Georgia overcame a 14-point deficit in the game, and that’s nothing new.

“From the beginning of the season, we’ve been coming from behind,” Caleb King said.

Georgia had to erase a 17-7 deficit in its win over South Carolina, a 21-10 hole in a win over Arkansas and a 17-14 second-half deficit in a win over Arizona State. The Bulldogs also came back from being down 12-7 late in the fourth quarter against LSU, but the defense couldn’t hold on for the win.

King said the team’s ability to turn around a deficit and earn a victory starts with its quarterback.

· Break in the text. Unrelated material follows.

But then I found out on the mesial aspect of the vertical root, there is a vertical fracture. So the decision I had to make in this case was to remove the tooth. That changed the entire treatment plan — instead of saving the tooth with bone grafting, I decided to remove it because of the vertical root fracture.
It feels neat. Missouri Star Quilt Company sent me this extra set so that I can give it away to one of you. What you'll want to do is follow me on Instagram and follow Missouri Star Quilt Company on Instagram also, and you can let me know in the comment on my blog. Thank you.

“Joe’s a great leader,” King said. “Nobody really knows how he talks to the offense in the huddle. He just makes us all feel calm. Joe played great, everybody did great.”

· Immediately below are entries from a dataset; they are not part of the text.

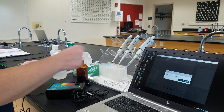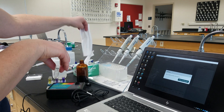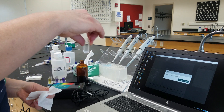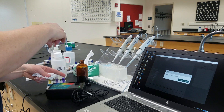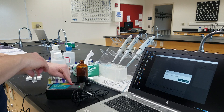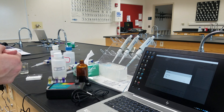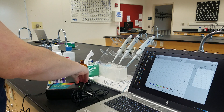Now that our software has warmed up, it says we want to place a blank cuvette into the device. I've filled a blank cuvette with water. We want to make sure the clear sides of the cuvette are lined up with the lamp — the lamp is on this side and the detector is on the other. We click Finish Calibration, and the instrument is done calibrating.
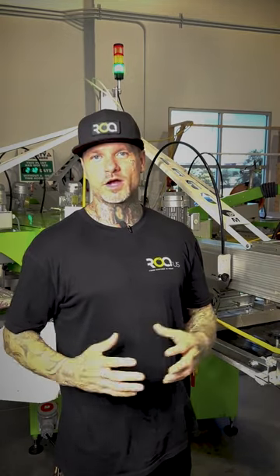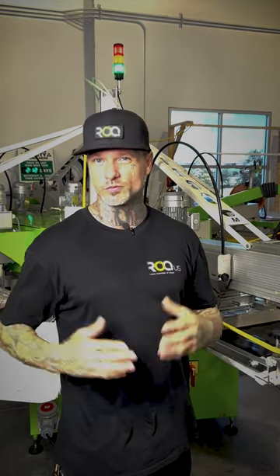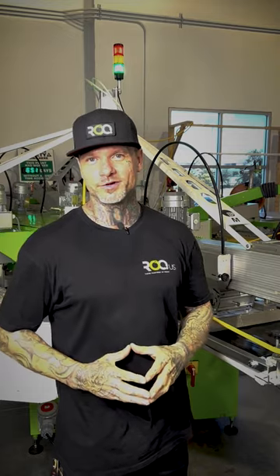Today we're talking about one of my favorite rock press accessories: the rock iron. This is honestly a tool that I feel every shop should have in their arsenal, giving you retail quality prints and eliminating fibrillation. So let me show you how it works.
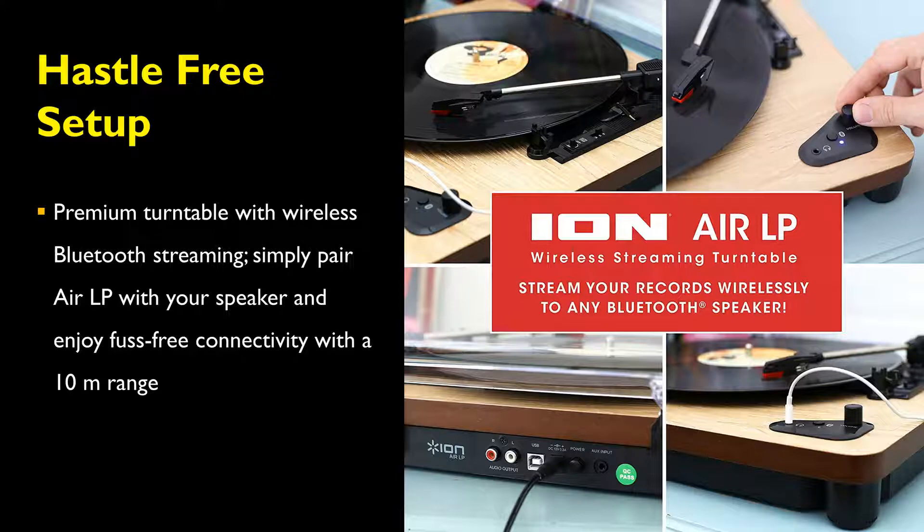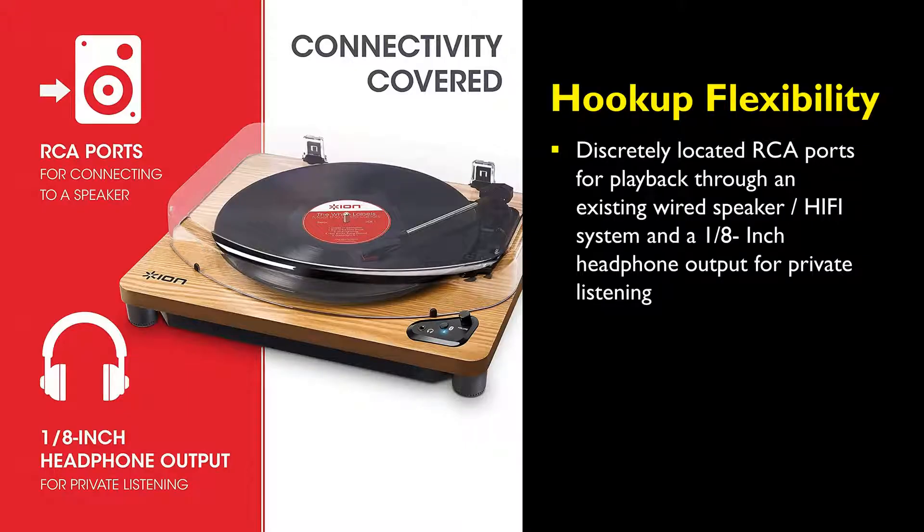Simply pair the Air LP Record Player with your speaker and enjoy hassle-free connectivity with a 10-meter range. It has discreetly located RCA ports for playback through an existing wired speaker hi-fi system, and a 1/8-inch headphone output for private listening.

-- For the fourth time in four tries, kicker Blair Walsh connected on a field goal from beyond 50 yards when he booted a 51-yarder in the third quarter to pull Georgia to within four, 14-10. Overall this season, Walsh is 14-of-15 on field goal attempts.

-- Senior linebacker Darius Dewberry left the game in the second half with an elbow injury and did not return.

-- Georgia has beaten Auburn four straight times for the first time since 1948. This also marks the first decade in which Georgia won more games than it lost to the Tigers since the 1940s.

-- Akeem Dent started his first game of the season at Sam linebacker.

-- The 99-yard kick return for a touchdown by Auburn’s Demond Washington was the first kick return for a score against Georgia since Tennessee’s Leonard Scott did it in 1999.

-- Georgia wore special patches with the initials “CV” on the backs of their helmets Saturday to honor injured Bulldogs baseball player Chance Veazey.

-- Brandon Boykin set a team record for kick returns in the first half. He had three returns in the game for 52 yards, giving him 30 returns this season. Gene Washington (1974) and Asher Allen (2007) held the old mark of 28.

-- Georgia is now 16-0 under Mark Richt in games when they do not have a turnover.